With his previous book, 'A Scene In Between', Sam Knee identified an under-documented moment in time that coincided with his own youth. Slightly too young for punk and post-punk but a major fan of Orange Juice and The Smiths, The Pastels and Jesus & Mary Chain, My Bloody Valentine and Spacemen 3, his idea was of a mainly visual commentary with equal emphasis on the groups and the people who went to see them in a period he established as being between 1980 and 1988, ‘the ghastly advent of baggy’. At first a humble blog assembled from relevant newspaper cuttings interspersed with his own hyper-enthusiasms, he started to accumulate more original materials which he wisely kept back for the book, making it a bit of a surprise on publication, and more of a hit than anyone other than Sam imagined.
His new book, 'The Bag I’m In (Underground Music And Fashion In Britain 1960-1990)’, covers a much longer period which I wondered how he would handle without the kind of first-hand experiences which had shaped its predecessor.
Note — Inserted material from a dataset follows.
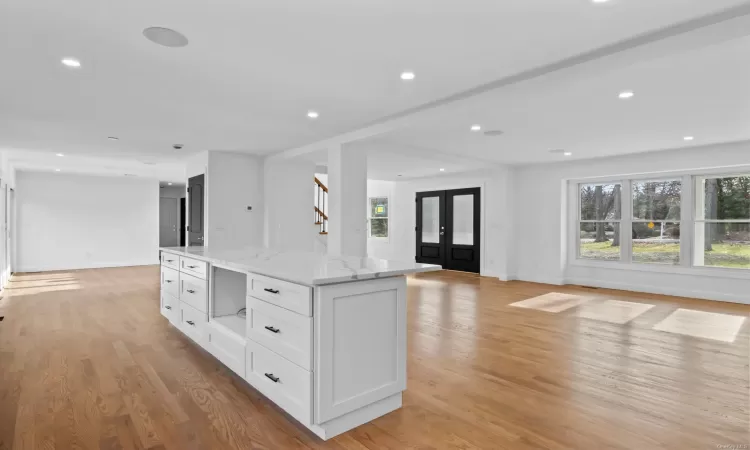 Kitchen featuring light stone countertops, a center island, french doors, white cabinets, and light wood-type flooring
He handles it with the same unerring eye for detail as before, experiencing earlier scenes in the first place through family and friends (brilliant photos of both of his parents), and by establishing a sense of trust from contributors that he would be able to throw the right kind of light on things. Taking in everything from Leatherboys / Rockers, CND Beatniks, Mods, Hard Mods, Bowie Kids, Northern Soul, Punk, Second Wave Punk, Postcard, Smithsmania, and in the end, even Baggy, it’s an incredible document of recent micro-societies and the fleeting moment of belonging.
Youth subculture in 20th Century Britain is a unique phenomenon. Throughout the decades, young people sought to define themselves sartorially, reflecting their identity in terms of regionalism, class and crucially, musical taste, through their clothes. This book is a comprehensive survey of over 36 underground 'tribes' that roamed the streets of the UK from the '60s to the '90s. From Mod to Skinhead and Rocker to Riot Grrrl by way of Goth, the look of each movement is captured in meticulously researched, previously unseen archive photography. Explanatory texts in Sam Knee's evocative tone provide context, and an illustration section at the back breaks down each look element by element. This is a key resource for fashion enthusiasts, musos and cultural historians, as well as a powerful, graphic document of Britain's fashion evolution through the ages.